● **BRIEF**
Could the data below be printed out exactly, with the pictures left out?

● **DATASET SECTION**
::::::::

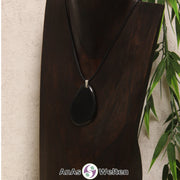 Eine schwarz gefärbte Tagua-Nuss Schmuck Kette mit Öse mit einem schwarzen Baumwollband an einer dunklen Büste.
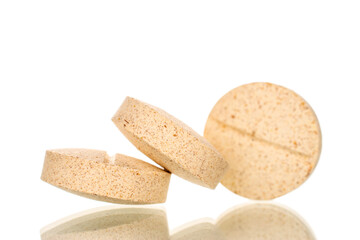 Medical pills, macro, isolated on white background.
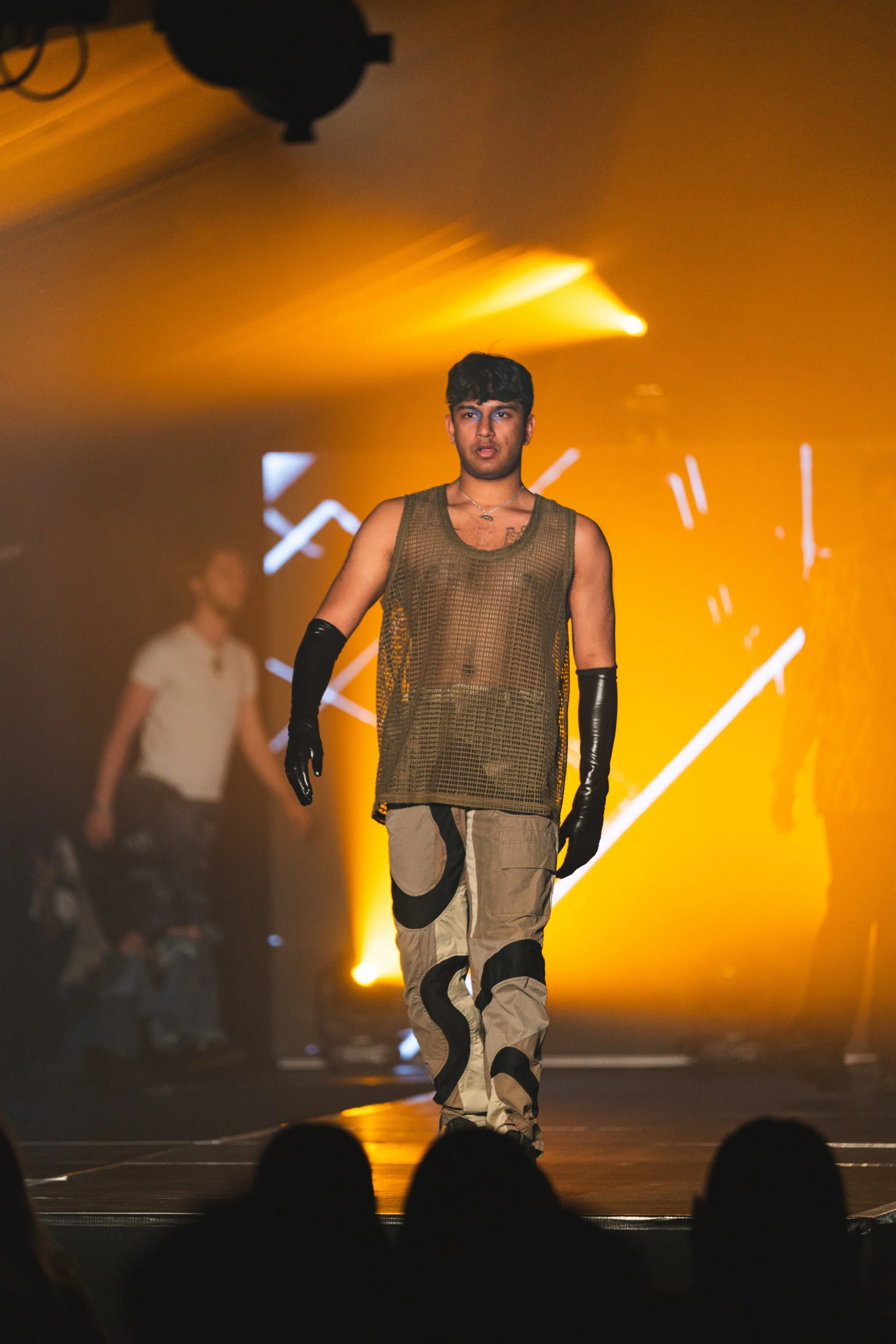Male model walking on runway during fashion show, wearing a mesh/tank top and stylish pants with black accents, black gloves, with vibrant yellow stage lighting and abstract background graphics.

::::::::

● **TASK SOLUTION**
 Eine schwarz gefärbte Tagua-Nuss Schmuck Kette mit Öse mit einem schwarzen Baumwollband an einer dunklen Büste.
 Medical pills, macro, isolated on white background.
Male model walking on runway during fashion show, wearing a mesh/tank top and stylish pants with black accents, black gloves, with vibrant yellow stage lighting and abstract background graphics.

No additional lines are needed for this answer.